Many of her teammates elsewhere such as the trio of Hamilton Girls’ High School players selected train and play together, and others such as recently awarded Papatoetoe Rugby Club Women’s Player of the Year Riscshay Lemanu and Faleafaga who scored three tries in a five minute burst for her Norths club on Saturday have regular competition playing 15s rugby.
​
Azalleyah is looking forward to meeting up with her New Zealand’s teammates before the team flies out to Buenos Aries in early October. In April she travelled to Sydney in April with the squad to win the Oceania qualifying tournament. 
PictureAzalleyah being presented with her Poverty Bay jersey by DJ Forbes. PHOTO: Poverty Bay Rugby.
She has been playing sevens for just over two years and predominantly just plays sevens owing to fewer matches in Poverty Bay and no local women’s club rugby competition.
​
Azalleyah’s Gisborne Girls’ High School and Lytton High School are the two rival girls rugby schools and three weeks ago and a week after Azalleyah’s selection in the New Zealand team, they met in the Ngati Porou East Coast Secondary School Girls’ final.

Lytton prevailed 31-24 after opening up a five try lead, only for Azalleyah and Gisborne Girls’ High School to launch a furious fightback and close the gap.

The two schools will be hoping to qualify for the Condor 7s again this year in early December.

“We came ninth last year; we just missed out on beating Christchurch Girls’ High School. That was our second Condors and the year before we came about 16th.”

Following Condors, Azalleyah played for the New Zealand U17 Girls team that won the second annual World Sevens tournament, beating the Australian Schoolgirls 20-19 in the final.

In January she was selected for the Poverty Bay Women’s side that competed in the National Provincial Sevens in Rotorua for the first time.

Following that, Azalleyah and Gisborne Girls’ High School teammate Te Maiora Olsen-Baker were invited as two of 28 players to attend the U18 trials in Wellington and Azalleyah was selected for the Oceania Tournament from there.

This is her third year playing rugby. “I used to play Rippa when I was little but then I stopped when I moved to Gisborne. My friends started playing, so I started playing again that way.”

As well as her father, former Ngati Porou East Coast midfielder Tojo Maaka, another person that helped introduce Azalleyah to rugby was local sports legend Trish Hina.

Hina has represented her country in four sports – rugby, rugby league, softball and Touch. She was the New Zealand Women’s Rugby League Player of the Year in 2000 – the year Azalleyah was born – and won the 2010 Women’s World Cup with the Black Ferns rugby union team.

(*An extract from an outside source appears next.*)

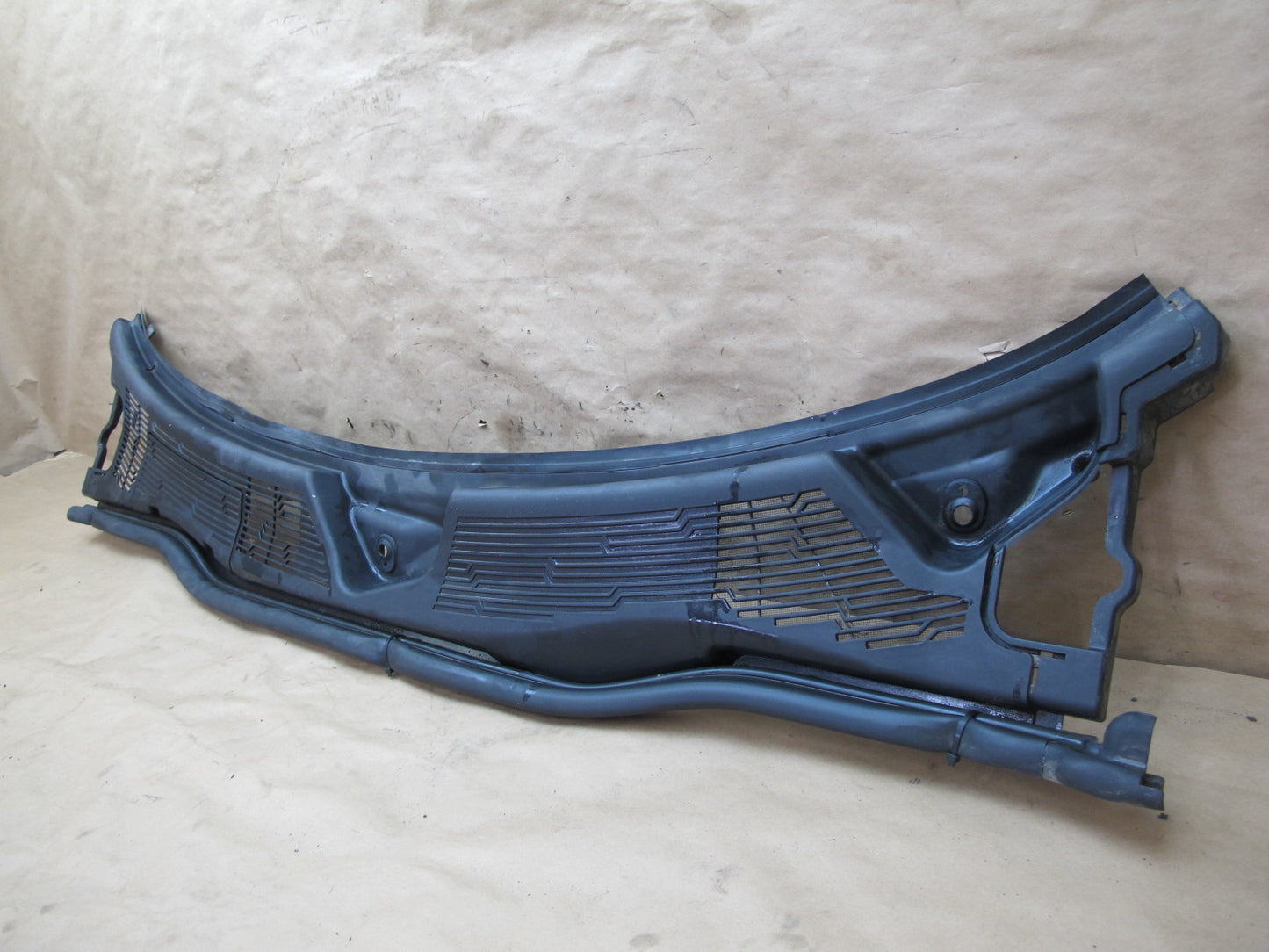 11-12 Fisker Karma Front Windshield Wiper Cowl Air Vent Cover Panel Set OEM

Azalleyah also thanks her strength and conditioning coach Zara from the Poverty Bay union for helping her train and prepare for a big few months ahead.

She also plays netball for her school “anywhere on the court except for shooter” and also social Touch. “When I was younger I used to play everything.”

The Youth Olympics will be her fourth trip overseas playing rugby.

“I went to Japan and New Caledonia on trips with the Pakiea team here in Gisborne. I enjoyed experiencing the culture in those places as well as playing the rugby.”

Azalleyah’s dream is to make the Black Ferns in the future, and sees current national sevens captain Sarah Goss as a rugby role model.

For nutrition, she’s a fan of chicken and rice and P.E and maths are her favourite school subjects.

She is unsure what she will do next year after leaving school “I will just go with the flow and see what happens.” There is a high chance that whatever she does will be rugby or sports related.

Picture
Picture
The New Zealand U18 Women's sevens side after their Oceania Tournament win in Sydney in April.